- Problem statement -
From the line containing "Nurse Heart Shape" down to the line containing "Vintage Elegant Lavender" in the records below, reproduce every line exactly, ends included, and omit all others.

- Provided entries -

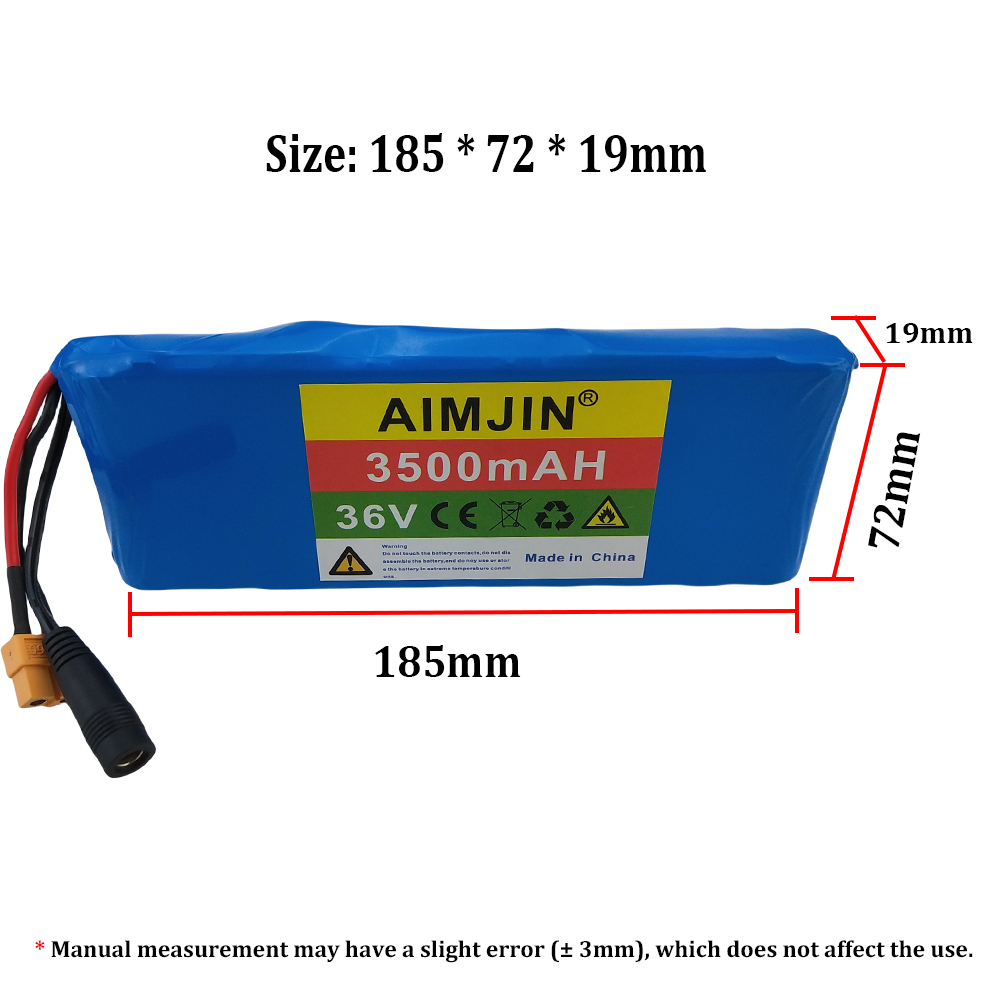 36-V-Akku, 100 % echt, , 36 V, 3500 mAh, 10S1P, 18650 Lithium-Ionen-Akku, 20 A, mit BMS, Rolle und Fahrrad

==

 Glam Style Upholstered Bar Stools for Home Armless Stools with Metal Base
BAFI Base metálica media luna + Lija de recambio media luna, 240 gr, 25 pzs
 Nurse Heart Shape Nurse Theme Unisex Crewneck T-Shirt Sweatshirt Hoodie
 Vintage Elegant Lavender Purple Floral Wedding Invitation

- Result of the task -
 Nurse Heart Shape Nurse Theme Unisex Crewneck T-Shirt Sweatshirt Hoodie
 Vintage Elegant Lavender Purple Floral Wedding Invitation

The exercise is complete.